The Guardian's Julia Raeside, meanwhile, argues the heavy amount of exposition included for the benefit of international audiences means characters occasionally "speak to each other like nurses on an amnesia ward".
Nevertheless, she adds, it is "a huge, ocean-going blockbuster shot in multiple stunning locations, starring superb actors in the most beautiful costumes". What more could a period drama fan want?
When does The Crown come to Netflix and will it be a hit?
24 October
Netflix has unveiled a new trailer for The Crown, the most expensive television series ever produced, but can it live up to the ambitions of the streaming service?
Created and written by Peter Morgan (The Queen and The Audience), the ten-part drama, which has a reported budget of £75m, chronicles the early years of the Queen's reign.

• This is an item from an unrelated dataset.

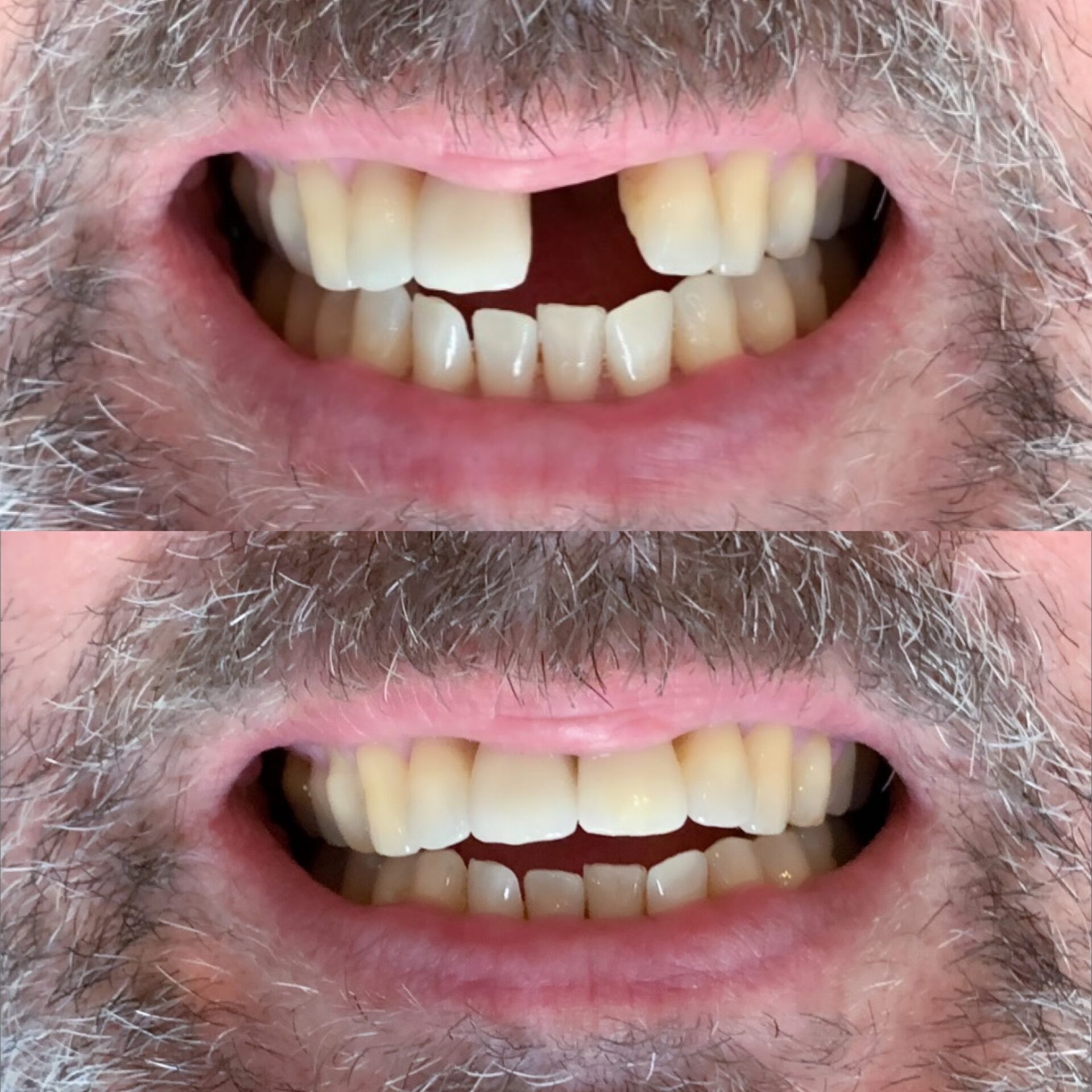 Implant before and after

It features Wolf Hall star Claire Foy and former Doctor Who Matt Smith, who play the young Queen and Duke of Edinburgh, facing the challenges of Elizabeth's new role as monarch and their own young marriage.
What can we expect?
Morgan drew on his hit play The Audience for the series and aims to follow a similar timeline to the stage version, which examines the Queen's exchanges with a succession of prime ministers, her brushes with national and world events and the challenges of her personal life.
Two trailers released by Netflix show Prince Philip struggling to get used to his dual roles as Elizabeth's husband and subject. In the first trailer, he asks his 25-year-old wife to exempt him from having to bow to her, something she resolutely refuses. "Are you my wife or my queen?" he asks. "I am both – and a strong man would be able to kneel to both," Elizabeth says.

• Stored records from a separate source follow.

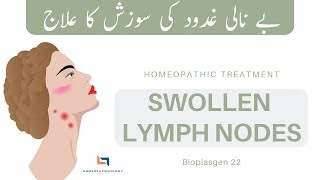 Swollen Lymph Nodes in Neck Homeopathic Treatment  SCROFULA ENLARGED GLANDS  Bioplasgen 22 [upl. by Accire]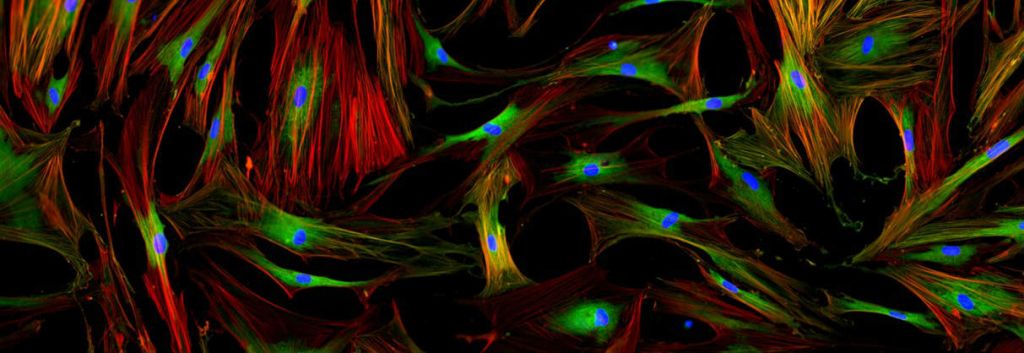 Galecto lung disease fibroblasts header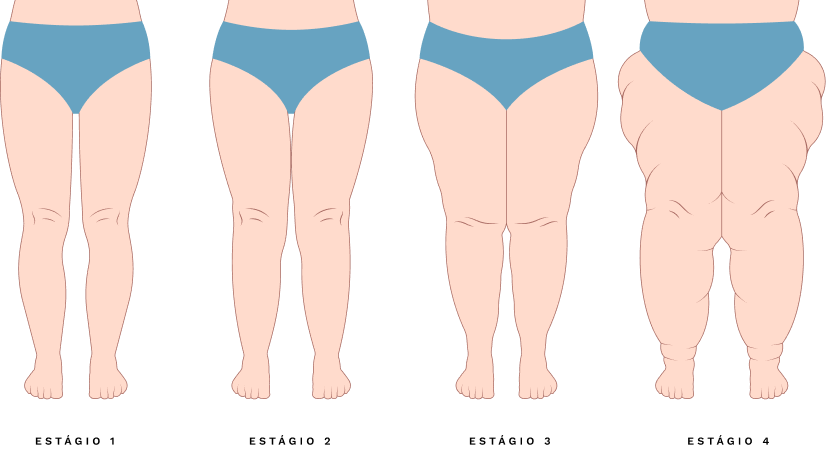 Lipedema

In the second trailer, he rebuffs his wife again, telling her: "You've taken my career from me, you've taken my home, you've taken my name. I thought we were in this together."

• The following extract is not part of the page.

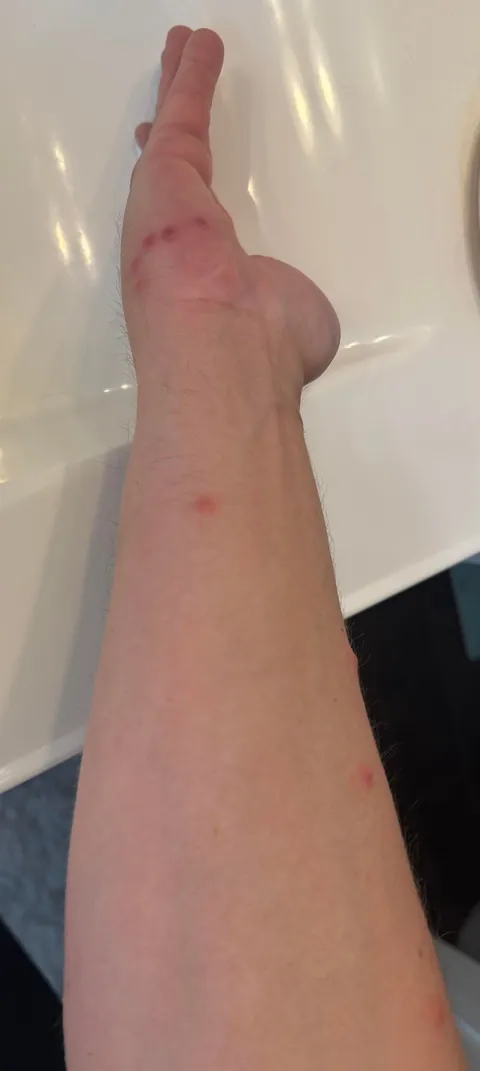 Went on vacation, hotel had bed bugs.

Elizabeth is also seen coming to terms with her own role as Queen, at one point acknowledging that many people around her think they could do a better job.
Who else is in the show?
The Crown also stars John Lithgow as Sir Winston Churchill, Victoria Hamilton as the Queen Mother and Jared Harris as George VI. Vanessa Kirby plays Princess Margaret, who is seen falling in love with Peter Townsend, a divorcee 16 years her senior, played by Ben Miles. Executive producer Stephen Daldry says: "It's the story of this extraordinary family under extraordinary pressure trying to survive."
When does it start?
Netflix will release the full series on Friday 4 November.
Will there be more?
The show has been commissioned for six series, but it is not yet clear yet whether Foy will play the Queen throughout her life or whether other actresses will play older versions of the monarch.
Netflix has big ambitions for the show, with the streaming site's chief content officer, Ted Sarandos, describing it as "brand-defining and tentpole".
He added: "[The Crown] is produced to a scale that I don't think many networks could step up to. Because our audience is large and global and the story is incredibly local, we can invest heavily in a project like that."